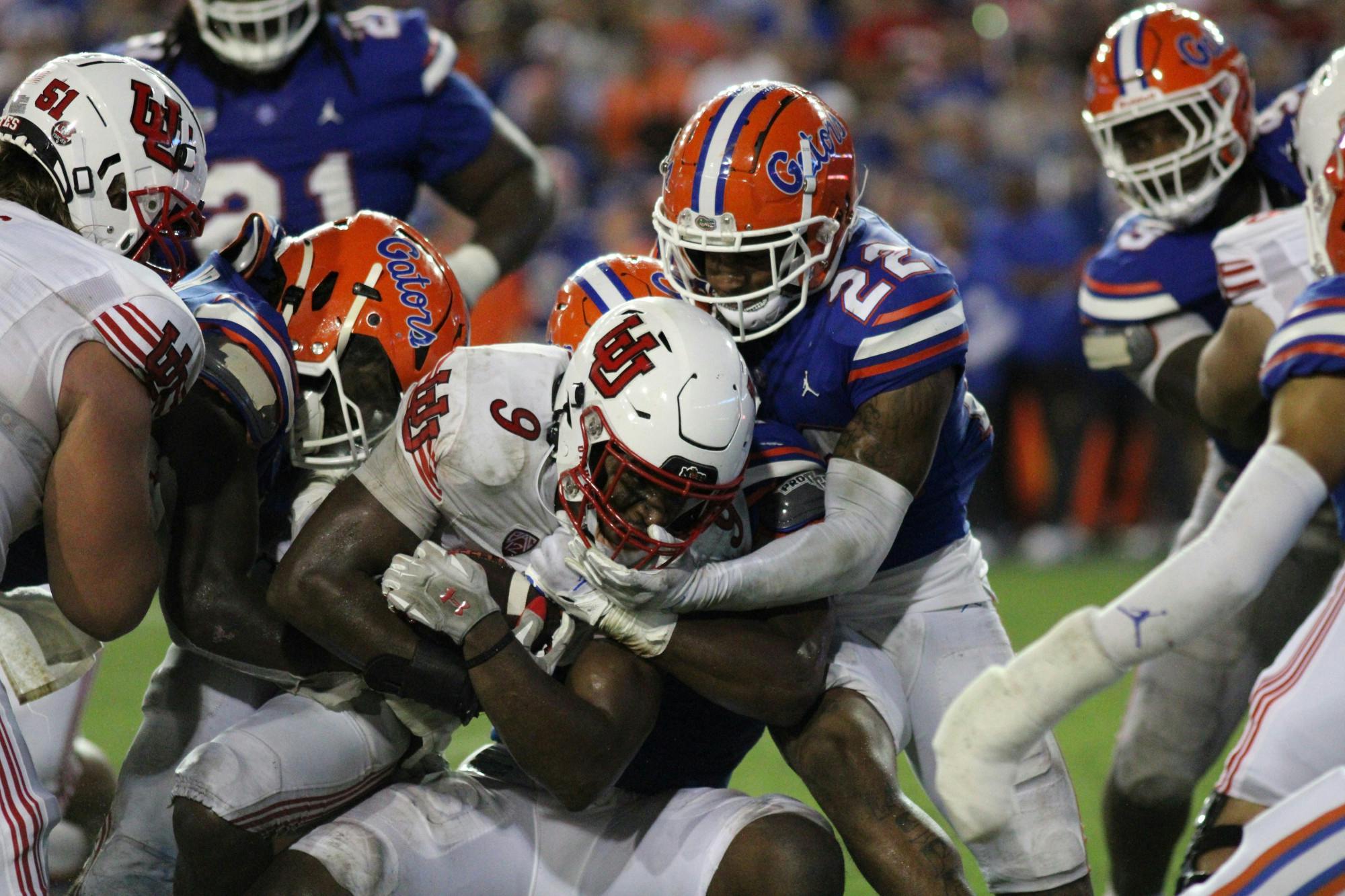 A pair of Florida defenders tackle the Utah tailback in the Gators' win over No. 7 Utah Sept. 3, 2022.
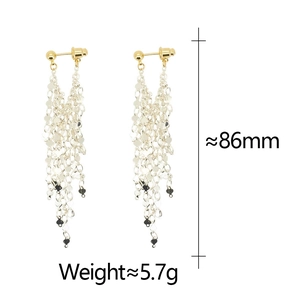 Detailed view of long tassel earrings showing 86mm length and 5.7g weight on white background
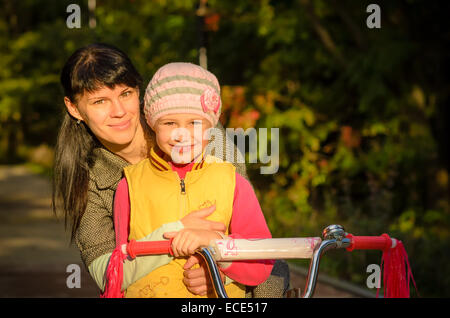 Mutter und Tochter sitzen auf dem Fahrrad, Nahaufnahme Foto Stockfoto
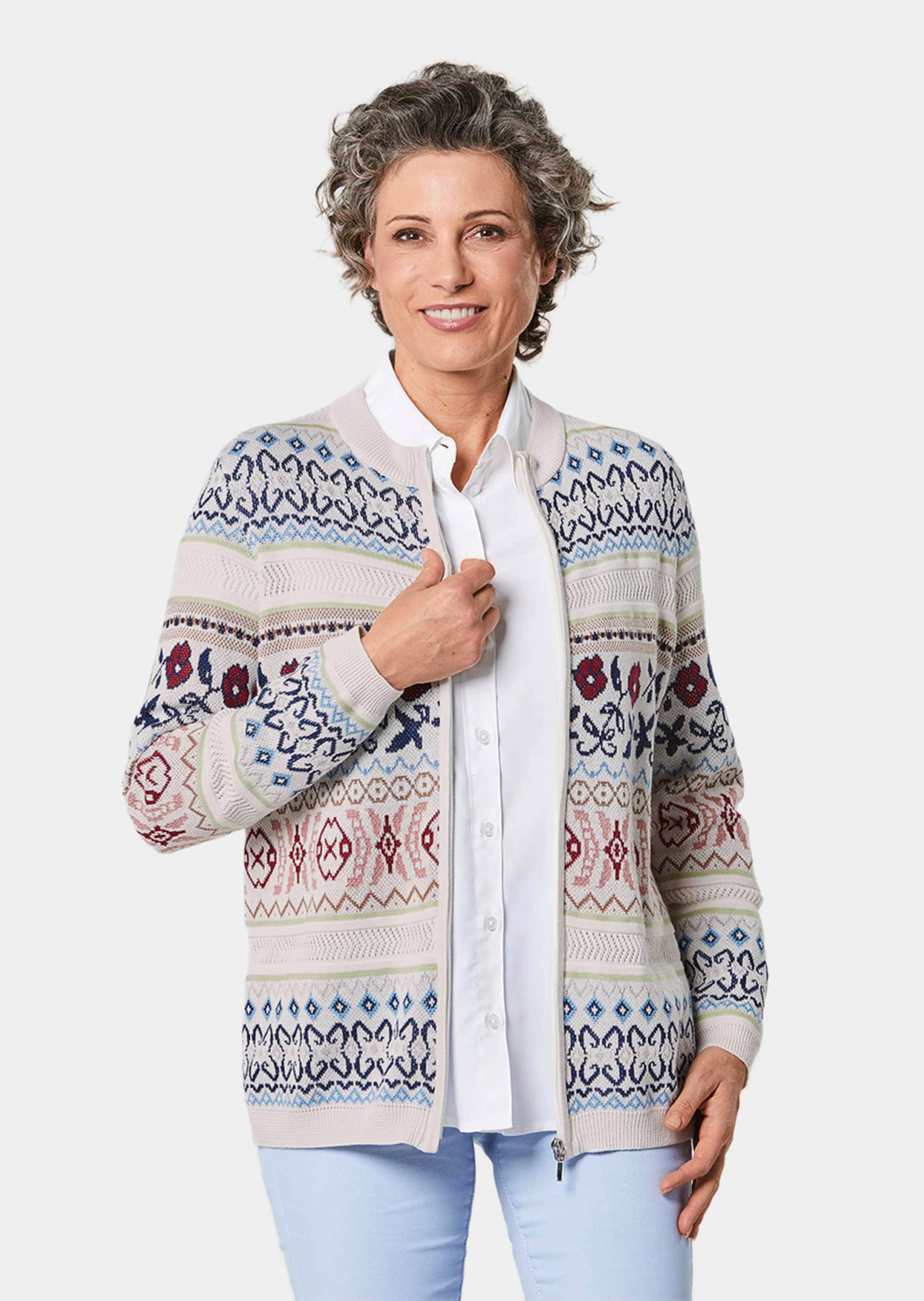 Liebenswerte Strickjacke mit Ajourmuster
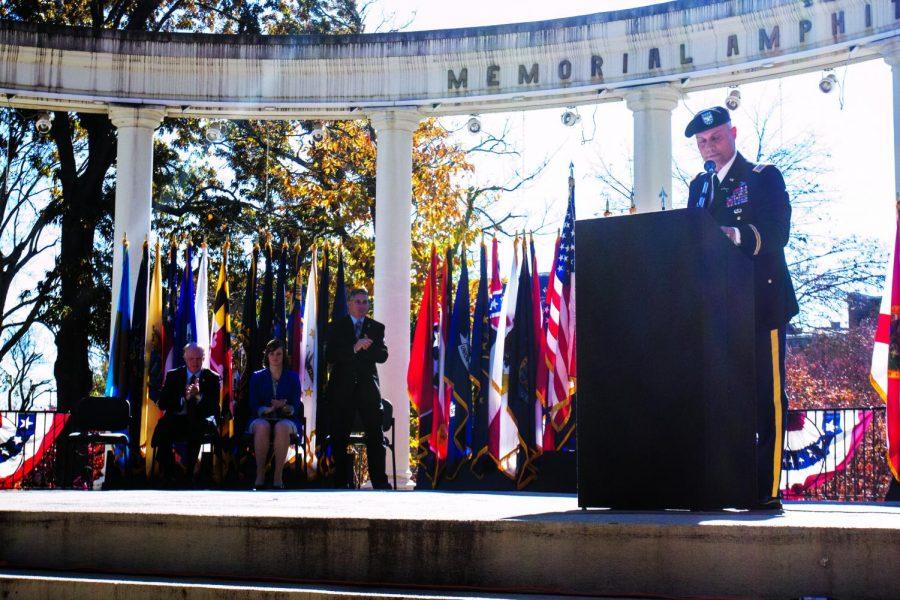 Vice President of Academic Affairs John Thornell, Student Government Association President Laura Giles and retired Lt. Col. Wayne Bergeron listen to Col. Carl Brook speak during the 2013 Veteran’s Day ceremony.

* [GOAL OF THE EXERCISE]
Beginning with the line where "Liebenswerte Strickjacke mit Ajourmuster" appears, reproduce every remaining line of the listing above, the last one included, but none of the pictures.

* [EXPECTED OUTPUT]
 Liebenswerte Strickjacke mit Ajourmuster
 Vice President of Academic Affairs John Thornell, Student Government Association President Laura Giles and retired Lt. Col. Wayne Bergeron listen to Col. Carl Brook speak during the 2013 Veteran’s Day ceremony.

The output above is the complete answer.